By the end of the day we were exhausted and all talked out but happy.

Seattle to Florida by Jeep

24th November 2010 by Helen

After a few days in Seattle, and with the Jeep repaired, there was nothing more we could do to help oil the wheels of Landy’s passage through port and customs and so we set off again, this time heading straight to Pepsi-Cola (aka Pensacola).

We drove through about nine states (lost count half way), on the quickest route the computer program and Carl could come up with and made it in five days, thanks to some long days’ driving and short nights sleeping.

Despite having had the transmission fixed in Seattle the Jeep saga was not quite over as the tyres (tires) reached their illegal limit and we had to stop off and get them replaced in order to keep going (to summarise, that’s new windscreen, heater fixed and oil change in Anchorage, transmission fixed in Seattle, and new set of boots somewhere around Sioux Falls).

We drive across the Rocky mountains.  Amazing scenery.  More snow covered Christmas trees everywhere.  Temperatures well into the freezing zone day and night.  Coming down from the mountains we cross the central plains of America.  The weather is getting warmer, the ground is flatter.  Then finally we reach the southern edges – Alabama and Florida.  The average temperature has continued to rise.  The average is now averaging a balmy 26 degrees Centigrade.

We have crossed three time zones.  The average temperature has changed from minus 13 degrees Centigrade to plus 26 degrees Centigrade.  Still equipped only with our Siberian and Alaskan clothing (the rest is still locked in Landy), acclimatisation was not an option.

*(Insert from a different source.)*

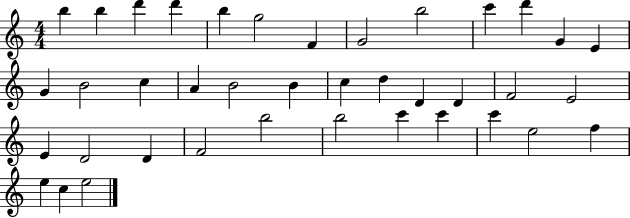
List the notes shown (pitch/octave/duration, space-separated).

B5/q B5/q D6/q D6/q B5/q G5/h F4/q G4/h B5/h C6/q D6/q G4/q E4/q G4/q B4/h C5/q A4/q B4/h B4/q C5/q D5/q D4/q D4/q F4/h E4/h E4/q D4/h D4/q F4/h B5/h B5/h C6/q C6/q C6/q E5/h F5/q E5/q C5/q E5/h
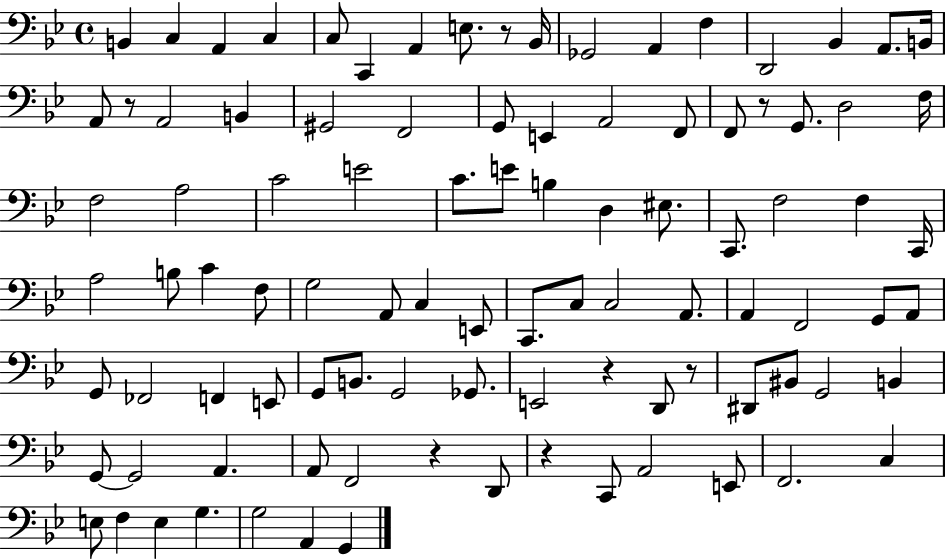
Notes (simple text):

B2/q C3/q A2/q C3/q C3/e C2/q A2/q E3/e. R/e Bb2/s Gb2/h A2/q F3/q D2/h Bb2/q A2/e. B2/s A2/e R/e A2/h B2/q G#2/h F2/h G2/e E2/q A2/h F2/e F2/e R/e G2/e. D3/h F3/s F3/h A3/h C4/h E4/h C4/e. E4/e B3/q D3/q EIS3/e. C2/e. F3/h F3/q C2/s A3/h B3/e C4/q F3/e G3/h A2/e C3/q E2/e C2/e. C3/e C3/h A2/e. A2/q F2/h G2/e A2/e G2/e FES2/h F2/q E2/e G2/e B2/e. G2/h Gb2/e. E2/h R/q D2/e R/e D#2/e BIS2/e G2/h B2/q G2/e G2/h A2/q. A2/e F2/h R/q D2/e R/q C2/e A2/h E2/e F2/h. C3/q E3/e F3/q E3/q G3/q. G3/h A2/q G2/q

We have passed some familiar sounding names, such as those that littered the Country Music sounds I grew up with as a child: Jackson, Nashville, Oklahoma, and Talahassee.  We’ve driven past Birmingham, Deadwood, Whitewood, Rapid City, Sioux Falls, French Town, Butte (but not of jokes), Gold Creek, Beaver Trail Hill, among so many other names that intrigue and entrance us.  We weren’t too sorry to drive straight past Gracelands, but we are sorry not to have a chance to stop at the Alabama Battleship Park, maybe another time.  We’ve seen some wonderful scenery.  We feel we are now in a position to comment with some authority on the US Interstate ‘rest area’ provision.  And we’ve had some quality time chatting in between trying to continue to deal with the bureaucracy of Landy’s progress through customs and some of the other internet based communications we’ve needed to get on with.

Since setting off from Anchorage some two weeks ago we travelled a gnat’s whisker short of 6,000 miles.  To put that in perspective, it’s the same road distance as driving from Land’s End to John O Groats, back to Land’s End, back to John O Groats, back to Lands End, back to John O Groats, back to Land’s End, back to John O Groats and back Land’s End again (or eight times the length of the UK).

Finally we arrived in Pepsi-Cola.  Jenni & Mike’s dogs bounded out to greet the car, if a little confused that Jenni and Mike were both in the house.  Jenni & Mike were more than relieved to see their Jeep at last and immediately went out to get some shopping for their dinner for 10 they had planned for Thanksgiving tomorrow.